I had the privilege of creating two of the storyboards. One is a self-drive map of the Icelandic monuments and special locations. You can see it HERE.

The other lists the names, birth, and death years of those interred in this historic cemetery. You can view it online HERE.

Since 2003, I have worked full-time on Icelandic heritage and genealogy, educating others and making connections in our shared story. Icelandic Roots was founded in 2013, and since then, many talented and dedicated volunteers have joined this amazing nonprofit organization. The photo below shows 22 IR volunteers in Banff at the INLNA convention in 2023.

The Vikur Cemetery is the resting place for my great-great grandparents from Eyjafjörður and two of their infant grandchildren, my grandfather's siblings. These four family members were laid to rest before the Eyford Thingvalla Cemetery was established. Their graves, though unmarked, are located southeast of the original log cabin church location, sheltered by a majestic oak tree.

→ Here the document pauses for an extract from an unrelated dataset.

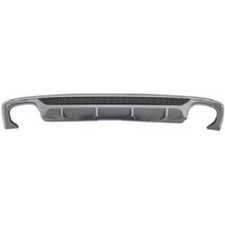 Diffusor für Audi A5 F5 Sport-Optik Sportpaket Doppelrohr 2016-2019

I vividly recall my Amma always showing me this spot, ensuring that the memory of our ancestors would live on.

Nine of my direct ancestors braved the journey from Iceland to start a new life in Dakota. Other than the four at Vikur, the other five emigrating ancestors, my grandparents, my father, plus many other Icelandic family members, are buried in the Eyford Cemetery. However, the connection to Vikur remains strong. I was married at the Vikur church 43.5 years ago.

Burials occurred at Vikur from 1879 - 1910. Daníel Laxdal died in 1914, which created a strange exception since burials ceased at Vikur in 1910. I put him on our Vikur burial list because of the news articles of the time. Unless we dig up the two locations, perform DNA tests, and continue further research, the secrets are beneath the earth. Here is the beautiful marker in the Cavalier Cemetery between the stones of Bessie and Daniel.

Daníel's story reminds us that some pieces of our story are obscured, but their significance is no less profound. When we encounter conflicting evidence, we add it to the Icelandic Roots Database to document each person’s story and our collective shared story to keep our Icelandic heritage alive.

As we remember the Icelandic pioneers and document the lives of those with or without grave markers, we are reminded of the profound connection that binds us to our Icelandic roots. This sacred place is a testament to our rich heritage.

We are the guardians of the cemeteries, of our Icelandic genealogy, and of our shared heritage and culture, ensuring that our family stories are never forgotten. In preserving the memories of those who came before us, we honor our own place in this unbroken chain of Icelandic heritage. Together, we ensure that the whispers of our ancestors continue to echo through time, inspiring and guiding us toward a future deeply rooted in our past. The legacy will continue to inspire generations to come.